Classless Politics in a Class Society



I am doing my level best these days to stay clear of engaging in ‘debates’ on social media. There is wisdom in knowing which fights to take on and which to walk away from. The fights to walk away from are those which can have no profitable conclusion or resolution. That pertains to those who proceed from entrenched positions and are concerned merely to score points and ‘own’ opponents, those out to negate and nullify, obscure and obstruct. It also applies to those whose direction and concern is basically fine. A mild check here could serve to sharpen up their thinking and keep them on track.

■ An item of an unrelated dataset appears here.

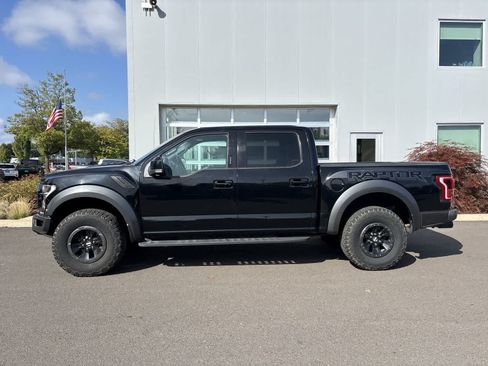 Used 2017 Ford F150 Raptor w/ Equipment Group 802A Luxury AWD/4WD image 2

Then there are those who appear to be on side, but who are not. I have had several run-in’s now with those active and organising within the field of environmentalism. They are a particular type of environmentalist. They express an environmental concern that many of us express. It’s their means of acting upon that concern to which I object. I am sceptical of their intentions and ends, which involve social and political implications beyond ‘saving the planet,’ implications they conceal behind an overt apoliticism. I am leery of the politics of ‘non-politics,’ involving socially neutral positions that, in practice, preserve power relations and class dynamics intact.


I had reason to check one environmentalist who, seeing someone valuing the rise of the medical working class, had to sneer at such a notion. Against the words “working class” they attached a large laughing face icon, claiming to be one of those working hard “to kick out black and white thinking like that, right after colour TV came of age, just as the 60's tipped over into the 70's.”

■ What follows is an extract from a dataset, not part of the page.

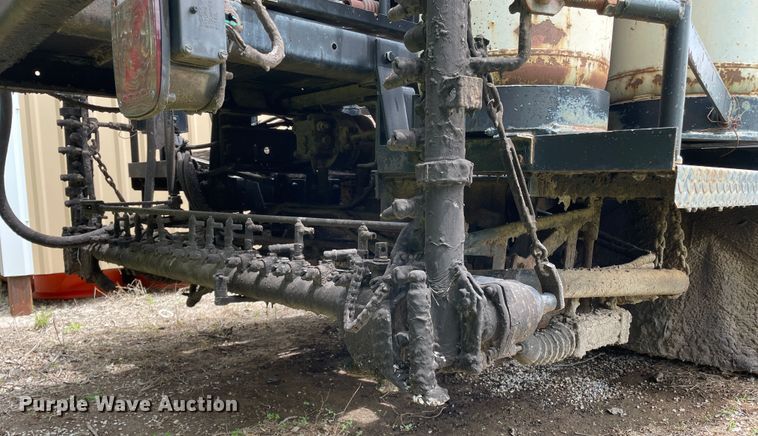 image for item LB9350 1987 Ford C800  oil distributor truck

The remark disgusted me. Here was a health worker valuing the radical upsurge and solidarity on the part of ‘key’ and ‘essential’ workers, only to be checked with a sneer and a put-down.


I have met with this response more than a few times now for it not to express a consistent mentality among a dominant strain of environmentalism. On another occasion I was informed – by an environmentalist whose work is cited by Christiana Figueres at the UN – that talk of class is ‘outdated us and them thinking.’ This is a consistent theme among mainstream environmentalism. The remarks are significant and revealing and so I check and counter them. I find it significant and revealing that the people who make these statements rarely if ever engage with me when I raise pertinent questions with respect to the class composition and class dynamics of contemporary society. I see plainly a deliberate policy here, to recruit people of skill, knowledge, and ambition to the environmental rescue squad, make a direct appeal to persuade the passive mass, and ignore the awkward squad who are politically aware and astute in between. It is a deliberate classless politics in a class society, in other words. Hence it doubles down on class and class politics wherever it finds them. That leaves environmentalism without the structural capacity to achieve the system change it purports to pursue. In truth, it does not pursue system transformation at all. ‘System change, not climate change’ is merely a slogan to mobilize the mass around pre-determined positions. The policy and its principal agents is already set. It is a passive radicalism that precludes the creative agency of actual people and their movements.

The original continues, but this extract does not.